YOUR OBJECTIVE. All of the records below are to be given again word for word, with the pictures removed.

(Short web captions)
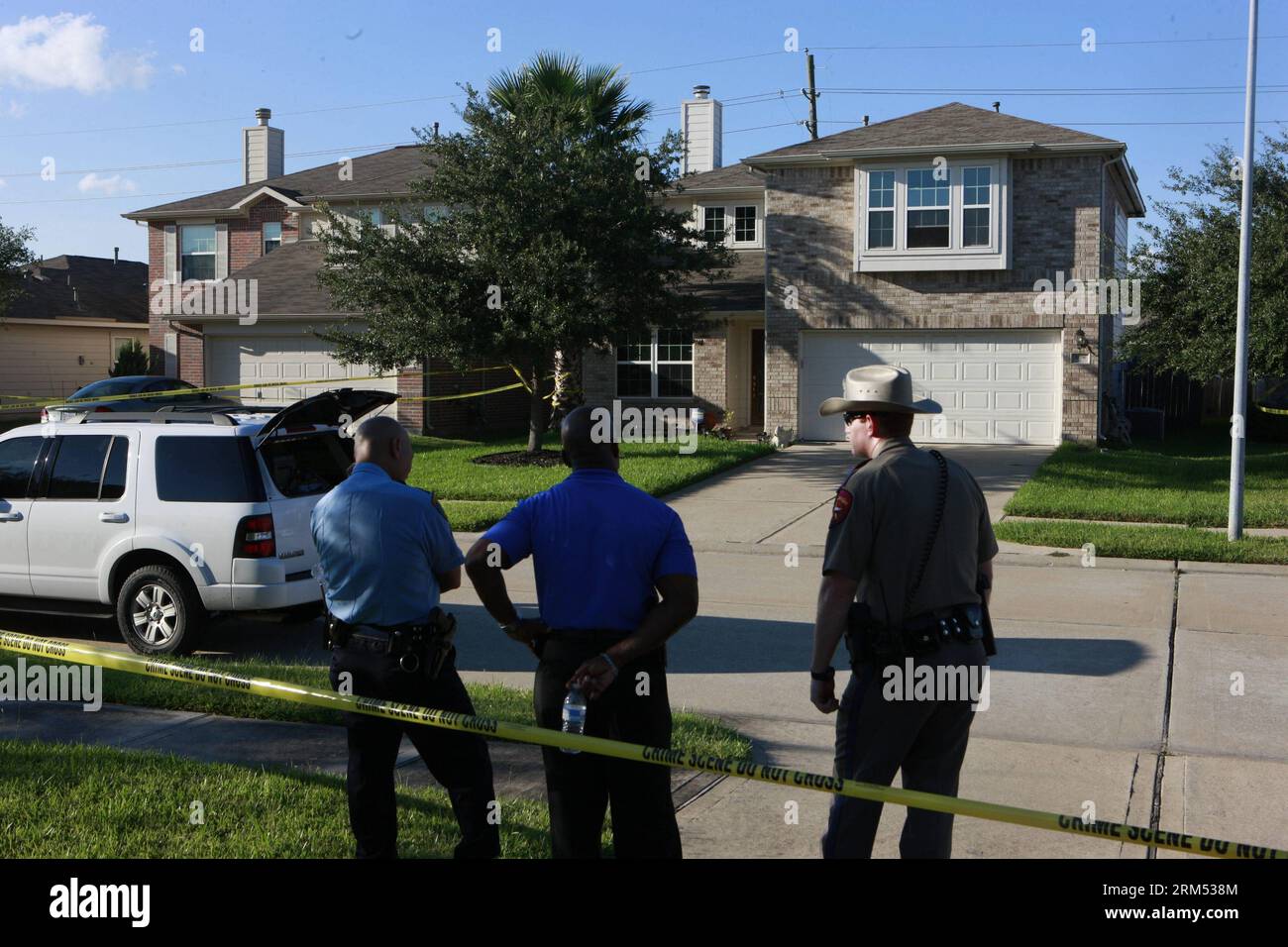 Bildnummer: 60561926 Datum: 04.10.2013 Copyright: imago/Xinhua Polizist steht Wache vor dem Haus, wo ein 18-jähriger Junge einen Räuber in Houston, USA, tötete, 4. Oktober 2013. Der Teenager lernte, als er am Freitag zwei Räuber fand, die in das Haus einfielen. Er erschoss einen Toten und der andere entkam. (Xinhua/Song Qiong) US-HOUSTON-RAUB-SCHIESSEN PUBLICATIONxNOTxINxCHN Kriminalität Schiesserei Einbrecher Waffengewalt Notwehr Tatort xas x0x 2013 quer Premiere 60561926 Datum 04 10 2013 Copyright Imago XINHUA Polizisten stehen vor dem Haus, wo bis 18 Jahre alt sind Stockfoto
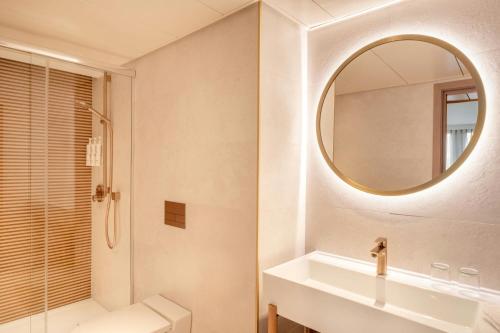 Habitación Superior con 2 camas individuales - Edificio principal del hotel Zurich Marriott. Foto 5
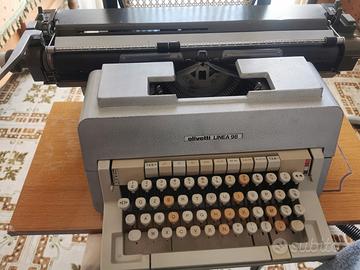 Macchina da scrivere Olivetti Linea 98            
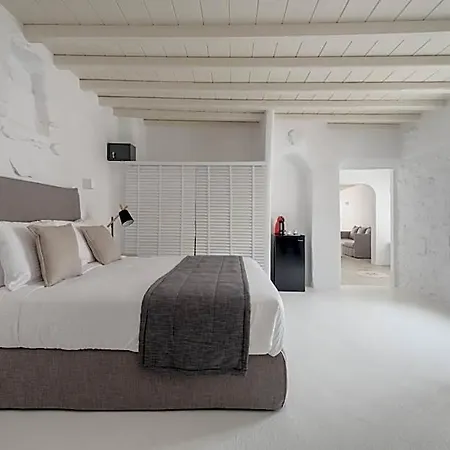 Cova Mykonos Aparthotel 4*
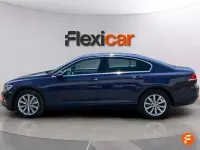 Usado VW Passat Advance 150 CV (110 kW) 2017 Azul Berlina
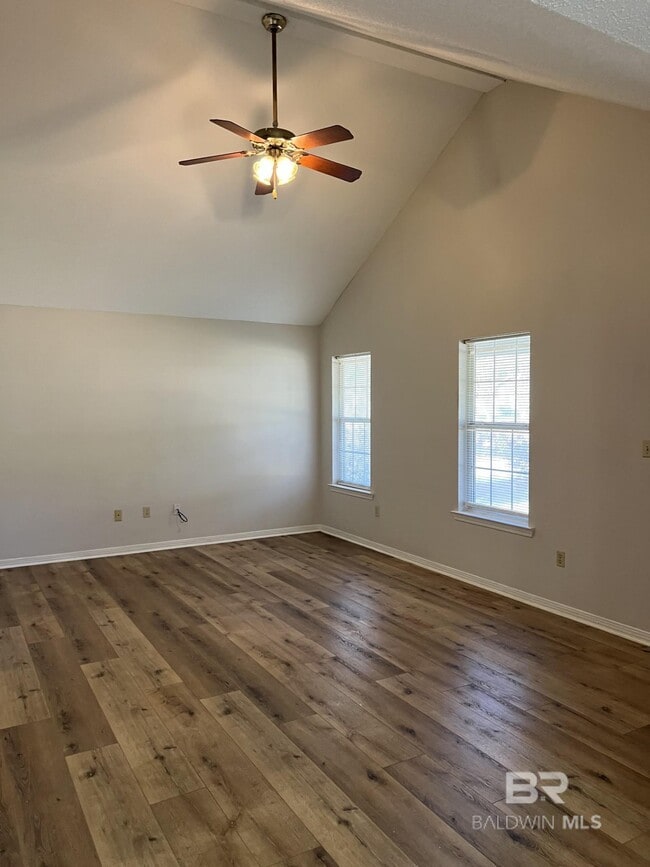 Photo - 13 Burlington Dr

OUTPUT FOR THIS EXERCISE.
 Bildnummer: 60561926 Datum: 04.10.2013 Copyright: imago/Xinhua Polizist steht Wache vor dem Haus, wo ein 18-jähriger Junge einen Räuber in Houston, USA, tötete, 4. Oktober 2013. Der Teenager lernte, als er am Freitag zwei Räuber fand, die in das Haus einfielen. Er erschoss einen Toten und der andere entkam. (Xinhua/Song Qiong) US-HOUSTON-RAUB-SCHIESSEN PUBLICATIONxNOTxINxCHN Kriminalität Schiesserei Einbrecher Waffengewalt Notwehr Tatort xas x0x 2013 quer Premiere 60561926 Datum 04 10 2013 Copyright Imago XINHUA Polizisten stehen vor dem Haus, wo bis 18 Jahre alt sind Stockfoto
 Habitación Superior con 2 camas individuales - Edificio principal del hotel Zurich Marriott. Foto 5
 Macchina da scrivere Olivetti Linea 98            
 Cova Mykonos Aparthotel 4*
 Usado VW Passat Advance 150 CV (110 kW) 2017 Azul Berlina
 Photo - 13 Burlington Dr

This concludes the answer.